Reward function registry

reduce(state, action, next_state, *, reward_functions, reduction, rng=None)

reduction of multiple reward functions into a single boolean value

Parameters

• state (State) –

• action (Action) –

• next_state (State) –

• reward_functions (Sequence[RewardFunction]) –

• reduction (RewardReductionFunction) –

• rng (Generator, optional) –

Returns

reduction operator over the input reward functions

Return type

bool

reduce_sum(state, action, next_state, *, reward_functions, rng=None)

utility reward function which sums other reward functions

Parameters

• state (State) –

• action (Action) –

• next_state (State) –

• reward_functions (Sequence[RewardFunction]) –

• rng (Generator, optional) –

Returns

sum of the evaluated input reward functions

Return type

float

overlap(state, action, next_state, *, object_type, reward_on=1.0, reward_off=0.0, rng=None)

reward for the agent occupying the same position as another object

Parameters

• state (State) –

• action (Action) –

• next_state (State) –

• object_type (Type[GridObject]) –

• reward_on (float) – reward for when agent is on the object

• reward_off (float) – reward for when agent is not on the object

• rng (Generator, optional) –

Returns

one of the two input rewards

Return type

float

living_reward(state, action, next_state, *, reward=- 1.0, rng=None)

a living reward which does not depend on states or actions

Parameters

• state (State) –

• action (Action) –

• next_state (State) –

• reward (float) – reward for when agent is on exit

• rng (Generator, optional) –

Returns

the input reward

Return type

float

reach_exit(state, action, next_state, *, reward_on=1.0, reward_off=0.0, rng=None)

reward for the Agent being on a Exit

Parameters

• state (State) –

• action (Action) –

• next_state (State) –

• reward_on (float) – reward for when agent is on exit

• reward_off (float) – reward for when agent is not on exit

• rng (Generator, optional) –

Returns

one of the two input rewards

Return type

float

bump_moving_obstacle(state, action, next_state, *, reward=- 1.0, rng=None)

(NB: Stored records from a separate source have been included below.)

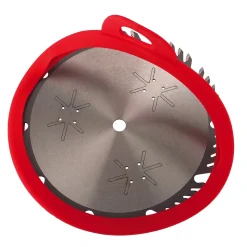 Blade Keep Silicone Saw Blade Cover 10" Red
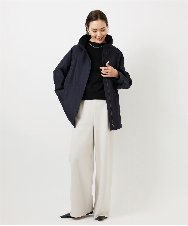 FMLDD02220 MICHEL KLEIN(ミッシェルクラン) [コージーボトム]シームレスワイドパンツ ベージュ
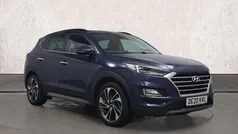 Blue Used 2020 Hyundai Tucson Premium SE SUV | £19,991 (Fair price)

reward for the Agent bumping into on a MovingObstacle

Parameters

• state (State) –

• action (Action) –

• next_state (State) –

• reward (float) – reward for when Agent bumps a MovingObstacle

• rng (Generator, optional) –

Returns

the input reward or 0.0

Return type

float

proportional_to_distance(state, action, next_state, *, distance_function=<function Position.manhattan_distance>, object_type, reward_per_unit_distance=-1.0, rng=None)

reward proportional to distance to object

Parameters

• state (State) –

• action (Action) –

• next_state (State) –

• distance_function (DistanceFunction) –

• object_type (Type[GridObject]) – (Type[GridObject]): type of unique object in grid

• reward (float) – reward per unit distance

• rng (Generator, optional) –

Returns

input reward times distance to object

Return type

float

getting_closer(state, action, next_state, *, distance_function=<function Position.manhattan_distance>, object_type, reward_closer=1.0, reward_further=-1.0, rng=None)

reward for getting closer or further to object

Parameters

• state (State) –

• action (Action) –

• next_state (State) –

• distance_function (DistanceFunction) –

• object_type (Type[GridObject]) – (Type[GridObject]): type of unique object in grid

• reward_closer (float) – reward for when agent gets closer to object

• reward_further (float) – reward for when agent gets further to object

• rng (Generator, optional) –

Returns

one of the input rewards, or 0.0 if distance has not changed

Return type

float

dijkstra(layout, source_position)

Return type

ndarray

getting_closer_shortest_path(state, action, next_state, *, object_type, reward_closer=1.0, reward_further=- 1.0, rng=None)

reward for getting closer or further to object, assuming normal navigation dynamics

Parameters

• state (State) –

• action (Action) –

• next_state (State) –

• object_type (Type[GridObject]) – (Type[GridObject]): type of unique object in grid

• reward_closer (float) – reward for when agent gets closer to object

• reward_further (float) – reward for when agent gets further to object

• rng (Generator, optional) –

Returns

one of the input rewards, or 0.0 if distance has not changed

Return type

float

bump_into_wall(state, action, next_state, *, reward=- 1.0, rng=None)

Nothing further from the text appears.